Chumps to Champs: How the Worst Teams in Yankee History Led to the ’90s Dynasty by Bill Pennington, HMH, 2019; $28

History’s greatest baseball dynasty, the New York Yankees were for a period 30 years ago the sport’s worst team. Author and New York Times sportswriter Pennington knows that “How often were the Yankees in the World Series from 1982 to 1995?” is a trivia question because the answer is zero. Between 1989 and 1992 the Yankees won 288 games and lost 359, the outfit’s worst showing since becoming the Yankees in 1913, and Pennington diagnoses why. The causes included bad luck but no reader with an interest in sports will doubt the author’s conclusion that George Steinbrenner was mostly to blame. The shipping magnate bought the team in 1973 and proceeded to create chaos.

Meddlesome and self-important, Steinbrenner fired 20 managers in his first 23 years and gave generous if usually unwanted advice to players and staff. He loved trades and pursuing free agents. Hitting the jackpot early with Reggie Jackson and Catfish Hunter, Steinbrenner thought himself to have the golden touch. He went on to sign too many players who didn’t pan out, meanwhile trading talented prospects from the team’s farm system for familiar but not necessarily useful veterans.

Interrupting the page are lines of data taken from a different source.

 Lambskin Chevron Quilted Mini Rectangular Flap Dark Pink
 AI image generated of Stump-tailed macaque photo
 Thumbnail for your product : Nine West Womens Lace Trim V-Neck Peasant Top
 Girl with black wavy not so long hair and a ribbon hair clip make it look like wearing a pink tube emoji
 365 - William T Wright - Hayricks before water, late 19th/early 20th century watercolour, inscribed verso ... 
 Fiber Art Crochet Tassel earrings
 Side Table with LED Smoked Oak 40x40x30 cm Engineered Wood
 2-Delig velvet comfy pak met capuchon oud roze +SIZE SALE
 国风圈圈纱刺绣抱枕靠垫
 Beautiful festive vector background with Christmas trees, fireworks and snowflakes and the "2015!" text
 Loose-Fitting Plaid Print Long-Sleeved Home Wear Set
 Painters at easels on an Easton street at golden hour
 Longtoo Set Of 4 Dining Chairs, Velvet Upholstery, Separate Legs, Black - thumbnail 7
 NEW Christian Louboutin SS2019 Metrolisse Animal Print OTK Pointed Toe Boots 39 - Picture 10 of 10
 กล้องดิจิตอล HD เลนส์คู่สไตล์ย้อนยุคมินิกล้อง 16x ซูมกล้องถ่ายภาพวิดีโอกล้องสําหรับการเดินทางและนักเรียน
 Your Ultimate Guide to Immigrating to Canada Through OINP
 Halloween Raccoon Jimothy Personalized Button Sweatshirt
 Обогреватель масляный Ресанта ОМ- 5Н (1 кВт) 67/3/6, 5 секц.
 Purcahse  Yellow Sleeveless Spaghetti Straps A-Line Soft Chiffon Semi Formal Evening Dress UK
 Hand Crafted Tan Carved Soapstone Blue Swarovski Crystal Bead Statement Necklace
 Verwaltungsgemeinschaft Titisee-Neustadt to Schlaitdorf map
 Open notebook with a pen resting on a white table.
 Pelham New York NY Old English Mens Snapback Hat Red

In 1990, after a decade of proprietary harassment and bad personnel moves and with the once-vaunted Yankee farm system in disarray, the team finished last in the American League. That terrible year did feature a stroke of fortune: Major League Baseball suspended Steinbrenner for two years as punishment for his ties to a gambler. That slap on the wrist emancipated Pennington’s heroes Buck Showalter and Gene Michael, that year’s manager and general manager. The pair set to work restoring morale, rebuilding the minors, and nursing prospects like Mariano Duncan and Derek Jeter, whose lackluster early showings had led many colleagues to give up on them.

By 1993 the Yankees were winners. They did even better in 1994, when a strike nixed the postseason. By now Steinbrenner was back, seemingly reviving the bad old days, when, following the Yankees’ 1995 playoff loss, he fired Showalter and the cream of the minor league staff. The boss’s meddling waned, however, and he drifted into dementia. When the team won the 1996 World Series, most Americans resumed the tradition of Yankee-hating. After 20 years of regular first-place finishes, they have no reason to give it up.

Pennington has done his homework, delivering color, anecdotes, baseball expertise, personal experience, and plenty of ink about Steinbrenner, an unpleasant character with no influence over the nation or our personal welfare and therefore fun to read about.